Final Broker branch testing

The latest version of the new Broker-ized cluster/communication system for Bro in 'topic/actor-system' branch is wrapping up and, in my opinion, ready to be merged into Bro's 'master' branch.

However, since it's such a big change, I'd like a last round of feedback before merging. If you want to test, the build process should now be as simple as:

$ git clone --recursive --branch=topic/actor-system git://git.bro.org/bro
$ cd bro && ./configure && make

Configuring BroControl is not any different from before.

If you had custom scripts, they may require porting. There's a guide and examples for that at [1] and [2] (hyperlinks in those docs will render more nicely when it's up on bro.org).

Though, for this round of testing, I'd be most interested just in any general stability issues or major feature breakages from a vanilla Bro installation. Mild performance issues, minor bugs, or other issues w/ porting custom scripts are things I think we can iron out even after merging into 'master'.

- Jon

[1] https://github.com/bro/bro/blob/topic/actor-system/doc/frameworks/broker.rst
[2] https://github.com/bro/bro/tree/topic/actor-system/doc/frameworks/broker

Trying this I noticed a few things (ordered by urgency from my point of view).

With this change, we Bro cannot be compiled out of the Box on RedHat/Centos 7 anymore. Since that is the latest release of RedHat and probably used in production by quite a few people a potentially significant amount of people might not be able to (easily) compile Bro with this merge.
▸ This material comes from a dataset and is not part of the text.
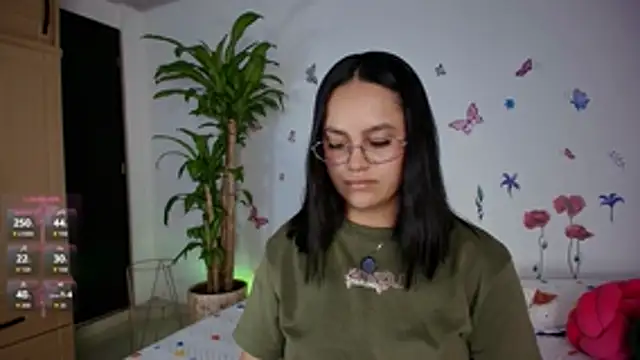 Snapshot of VICTORIABLACK_@xh chatting on 04-15-26, 08:42 VICTORIABLACK xh online show from 04-15-26, 08:42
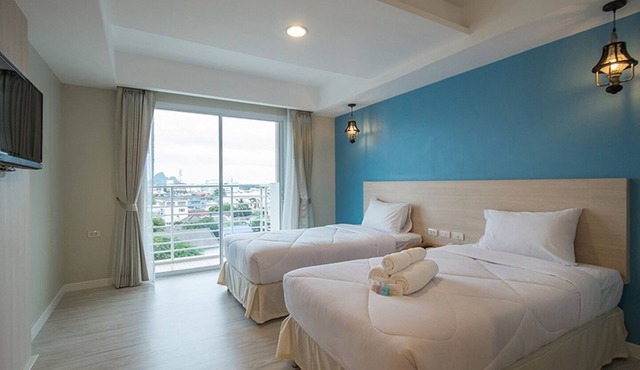 Prachuap Grand Hotel in Prachuap Khiri Khan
It aborts in configure, with:

-- Performing Test cxx11_header_works - Success
CMake Error at aux/broker/CMakeLists.txt:4 (cmake_minimum_required):
   CMake 3.0.2 or higher is required. You are running version 2.8.12.2

--snip

Compiling on Debian 8 gives some CAF warnings that are a tad ugly:

In file included from /root/bro/aux/broker/3rdparty/caf/libcaf_core/caf/serializer.hpp:32:0,
                  from /root/bro/aux/broker/3rdparty/caf/libcaf_core/caf/detail/tuple_vals.hpp:25,
                  from /root/bro/aux/broker/3rdparty/caf/libcaf_core/caf/make_message.hpp:28,
                  from /root/bro/aux/broker/3rdparty/caf/libcaf_core/caf/mailbox_element.hpp:27,
                  from /root/bro/aux/broker/3rdparty/caf/libcaf_core/caf/abstract_actor.hpp:37,
                  from /root/bro/aux/broker/3rdparty/caf/libcaf_core/caf/actor.hpp:32,
                  from /root/bro/aux/broker/broker/data.hh:11,
                  from /root/bro/aux/broker/broker/broker.hh:8,
                  from /root/bro/src/broker/Data.h:4,
                  from /root/bro/src/broker/Data.cc:1:
/root/bro/aux/broker/3rdparty/caf/libcaf_core/caf/data_processor.hpp: In function ‘typename std::enable_if<std::is_same<caf::error, decltype (declval<caf::deserializer&>().caf::data_processor<caf::deserializer>::apply(declval<T&>()))>::value>::type caf::operator&(caf::deserializer&, T&) [with T = std::chrono::time_point<std::chrono::_V2::system_clock, std::chrono::duration<long int, std::ratio<1l, 1000000000l> > >; typename std::enable_if<std::is_same<caf::error, decltype (declval<caf::deserializer&>().caf::data_processor<caf::deserializer>::apply(declval<T&>()))>::value>::type = void]’:
/root/bro/aux/broker/3rdparty/caf/libcaf_core/caf/data_processor.hpp:478:7: warning: ‘dur’ may be used uninitialized in this function [-Wmaybe-uninitialized]
        t = std::chrono::time_point<std::chrono::system_clock,

{dur};

        ^
/root/bro/aux/broker/3rdparty/caf/libcaf_core/caf/data_processor.hpp:476:16: note: ‘dur’ was declared here
        Duration dur;
                 ^
--snip

/root/bro/aux/broker/3rdparty/caf/libcaf_core/src/scheduled_actor.cpp:892:55: warning: unused parameter ‘sender’ [-Wunused-parameter]
                                            actor_addr& sender,

--snip

I noticed one small thing while building with make -j4; in this case you get several different % numbers simultaneously (one for car and one for broker).

Example:

[ 25%] Built target plugin-Bro-BackDoor
[ 25%] Building CXX object src/analyzer/protocol/bittorrent/CMakeFiles/plugin-Bro-BitTorrent.dir/bittorrent_pac.cc.o
[ 85%] Building CXX object libcaf_io/CMakeFiles/libcaf_io_shared.dir/src/interfaces.cpp.o
[ 25%] Building CXX object src/analyzer/protocol/bittorrent/CMakeFiles/plugin-Bro-BitTorrent.dir/events.bif.cc.o

While this is obviously cosmetic, it still looks weird to me :).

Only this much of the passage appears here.